Direct naar artikelinhoud

'Gsm-stralen verergeren effect kankerverwekkende stoffen niet'

'Tot nu zijn er onvoldoende argumenten om te zeggen dat gsm'en rechtstreeks dna-schade veroorzaakt'

Brussel

Eigen berichtgeving

Nathalie Carpentier

Is gsm-straling schadelijk of niet? De discussie woedt al jaren. Een nieuwe Europese CEMFEC-studie biedt redenen om wat geruster te zijn. Professor Luc Verschaeve, genetisch toxicoloog van het onderzoekscentrum Vito in Mol, werkte eraan mee. 'Er waren argumenten om te denken dat gsm-straling het schadelijke effect zou verhogen van kankerverwekkende stoffen. Daarom hebben we het onderzocht, maar in onze studie bij ratten vonden wij daar geen bewijzen voor.'

Door de snelle inburgering van gsm-toestellen worden we almaar meer blootgesteld aan de elektromagnetische straling ervan. Dat baart heel wat gebruikers zorgen, omdat we nog altijd niet veel weten over de mogelijke schadelijke gezondheidseffecten van die blootstelling.

Een van de geopperde problemen is dat gsm'en ons dna zou beschadigen, zoals Het Nieuwsblad en Het Volk gisteren berichtten. Dat zou blijken uit het Reflex-onderzoek, een Europees onderzoeksproject waarbij het effect van elektromagnetische straling op cellen in een laboratorium werd onderzocht. Om te bepalen of die dna-schade ook de gezondheid in gevaar brengt, was echter nog meer onderzoek nodig, aldus het bericht.

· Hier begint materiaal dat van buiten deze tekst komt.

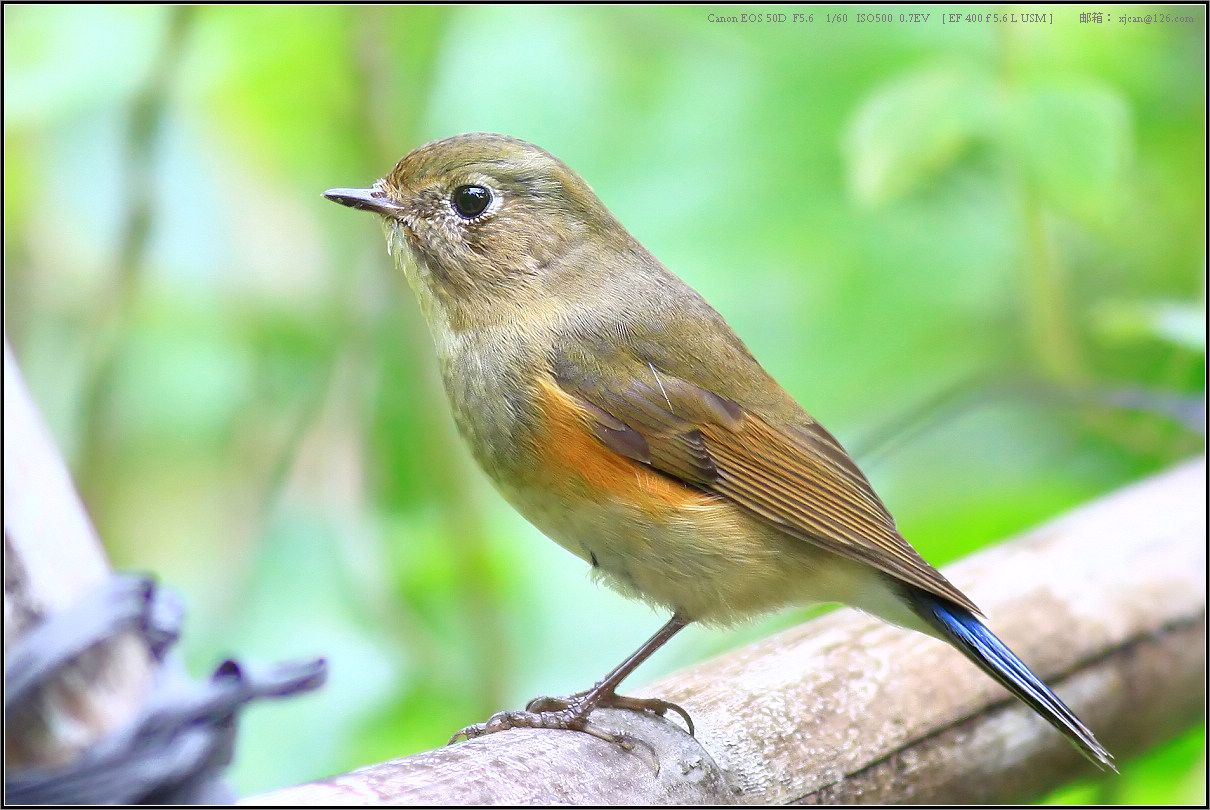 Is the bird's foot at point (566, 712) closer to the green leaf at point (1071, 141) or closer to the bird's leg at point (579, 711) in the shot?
the bird's leg at point (579, 711)

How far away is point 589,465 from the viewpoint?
2.53m

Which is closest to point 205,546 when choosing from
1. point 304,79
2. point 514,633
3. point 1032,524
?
point 514,633

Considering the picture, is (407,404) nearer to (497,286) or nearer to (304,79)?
(304,79)

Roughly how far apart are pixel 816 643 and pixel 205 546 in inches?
86.2

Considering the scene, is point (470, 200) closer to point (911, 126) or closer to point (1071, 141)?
point (911, 126)

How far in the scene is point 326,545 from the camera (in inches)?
157

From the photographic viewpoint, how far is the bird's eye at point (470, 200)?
2.83 meters

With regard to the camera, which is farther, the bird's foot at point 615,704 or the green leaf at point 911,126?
the green leaf at point 911,126

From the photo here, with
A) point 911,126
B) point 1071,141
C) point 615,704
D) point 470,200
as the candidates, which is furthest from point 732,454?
point 1071,141

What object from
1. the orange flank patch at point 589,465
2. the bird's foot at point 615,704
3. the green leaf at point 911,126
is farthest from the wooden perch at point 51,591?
the green leaf at point 911,126

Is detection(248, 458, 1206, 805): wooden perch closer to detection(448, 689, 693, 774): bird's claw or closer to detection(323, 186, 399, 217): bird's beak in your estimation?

Of dat een juiste conclusie is, is echter lang niet zeker, reageert professor Luc Verschaeve, genetisch toxicoloog aan het Vito, die het Reflex-onderzoek kent. Van de betrokken onderzoekers zelf was gisteren niemand bereikbaar. "Over die resultaten bestaat heel wat controverse. Ik ben zelf door de Europese Unie gevraagd om op te treden als een soort scheidsrechter in de discussie omdat een aantal betrokken onderzoekers het niet eens is met de conclusies die aan de resultaten gekoppeld worden. Volgens hen is die genetische schade niet zo duidelijk. Bovendien kreeg een ander lab, dat het experiment herhaalde, niet dezelfde resultaten."

Tot nu zijn er dan ook weinig argumenten om te zeggen dat gsm-straling dna-schade veroorzaakt, vervolgt Verschaeve. "Toch niet rechtstreeks. Waar wel sterkere argumenten voor zijn, is voor de hypothese dat de straling het schadelijke effect kan versterken van andere stoffen zoals kankerverwekkende bestanddelen."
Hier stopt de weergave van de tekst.